Un o de los importantes anuncios presidenciales del 25 de julio, en la ceremonia de la Fuerza Naval fue excluir de la Fuerza Pública (Fuerzas Armadas y Policía) las tareas de seguridad en la protección del gobernante, de los representantes de las funciones del poder, altos funcionarios y su entorno, así como las de inteligencia sobre civiles y de investigación política y criminal.
Además anunció una nueva concepción del servicio militar para formar reservas, pasando de la figura del servicio obligatorio -conscripción, por meses, algo menos de un año-, a la formación y actualización anual de reservistas, lo que podría llamarse “un pueblo en armas”.
Puede no ser el caso, pero la visión de conjunto que podría tenerse es la preocupación de infiltraciones de países extranjeros -puntualmente de los Estados Unidos- o de poderes fácticos en la institucionalidad jerarquizada, que usualmente se ha vinculado en América Latina y en el mundo con desestabilizaciones de gobernantes y su derrocamiento.
Hay que recordar el macabro chiste que en Washington no hay golpes de Estado, porque no hay Embajada “yanqui”.
Pero, desde otra visión, frente a gobiernos autoritarios, surgen inquietudes.
En el Ecuador, tiempo atrás, se dieron episodios que deben recordarse.
En el gobierno de Arroyo del Río, 1940-1944, después del Protocolo de Río de Janeiro, frente a la reacción nacional, Arroyo optó por fortalecer a la fuerza de Carabineros -antecedente de la Policía Nacional- con un mando afín al poder.

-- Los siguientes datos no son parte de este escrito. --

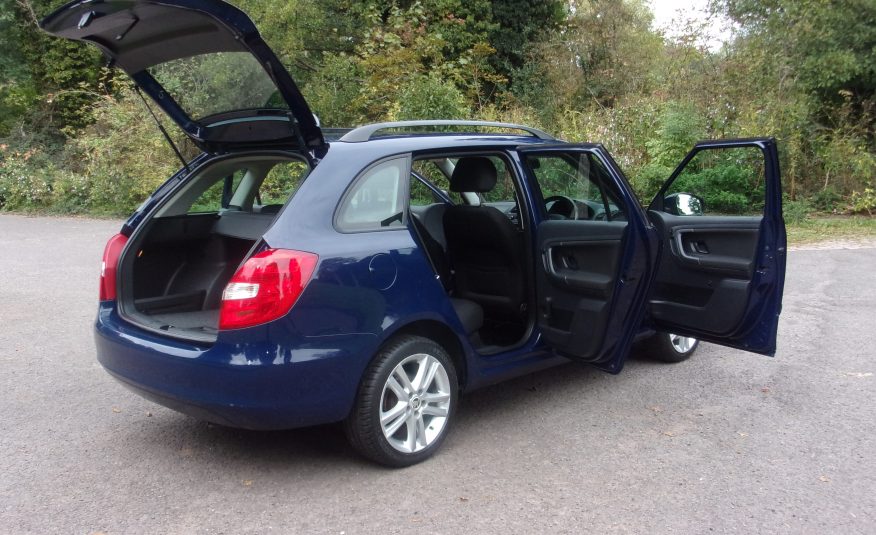 2014 63 Skoda Fabia Elegance 1.6cc TDI CR 105 Bhp Estate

De hecho, los carabineros pasaron a ser la fuerza represiva del Gobierno, por eso el levantamiento civil-militar de la Revolución del 28 de Mayo de 1944, a cuya vanguardia civil estuvo la izquierda ecuatoriana, aun cuando luego se le entregó el poder a Velasco Ibarra, se materializó en la toma del cuartel de Carabineros de Guayaquil, con muertos e incendio del cuartel, y la ejecución de quienes personalizaban la “pesquisa” de entonces.

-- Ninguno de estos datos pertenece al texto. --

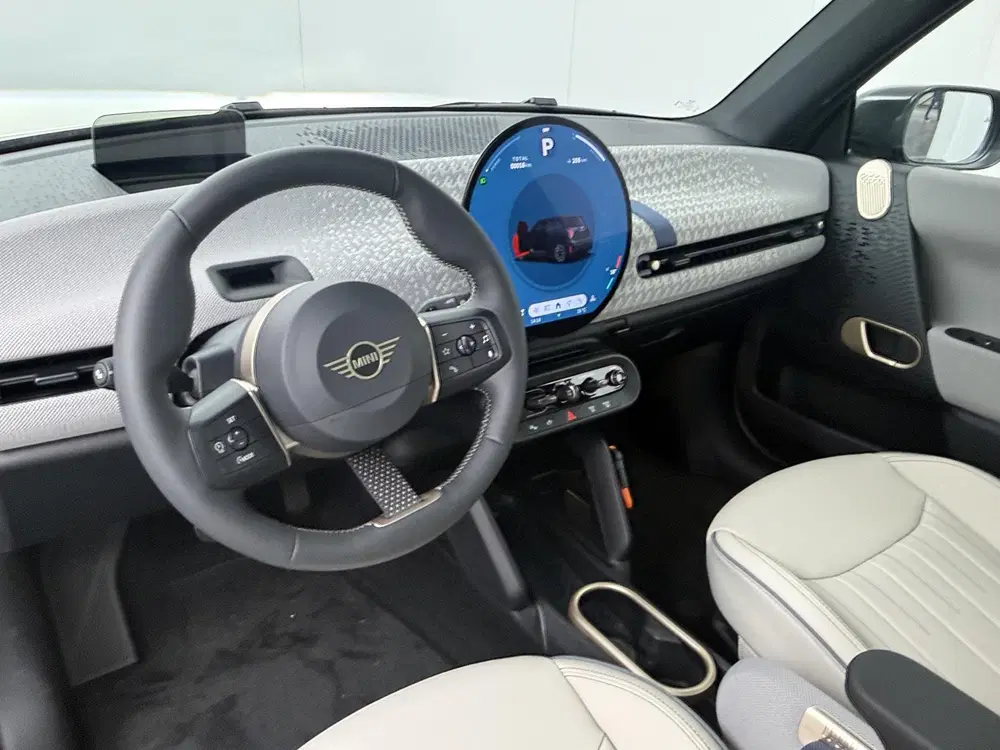 Mini Cooper Cooper E Favoured Trim uit 2026, foto 2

El levantamiento civil de Guayaquil del 2 y 3 de junio de 1959, contra el presidente Camilo Ponce, se direccionó a varios frentes, uno de éstos fue el incendio de la Pesquisa, que dependía directamente del Ministerio de Gobierno, no de la Policía Nacional.
Con estos antecedentes y otros, desde los años sesenta se fue concienciando que la seguridad -y posibilidad de represión- que provenga del Estado y las operaciones de inteligencia y de investigación política y criminal debían responder a la jerarquización de la institucionalización de la Fuerza Pública, no a las odiosidades ni a las visceralidades de quienes estén en el poder.
¿Conviene a la democracia colocar las tareas de seguridad -y de represión-, inteligencia e investigación bajo los actores políticos de un gobierno? ¿O fortalecer la institucionalidad del Estado en esas tareas?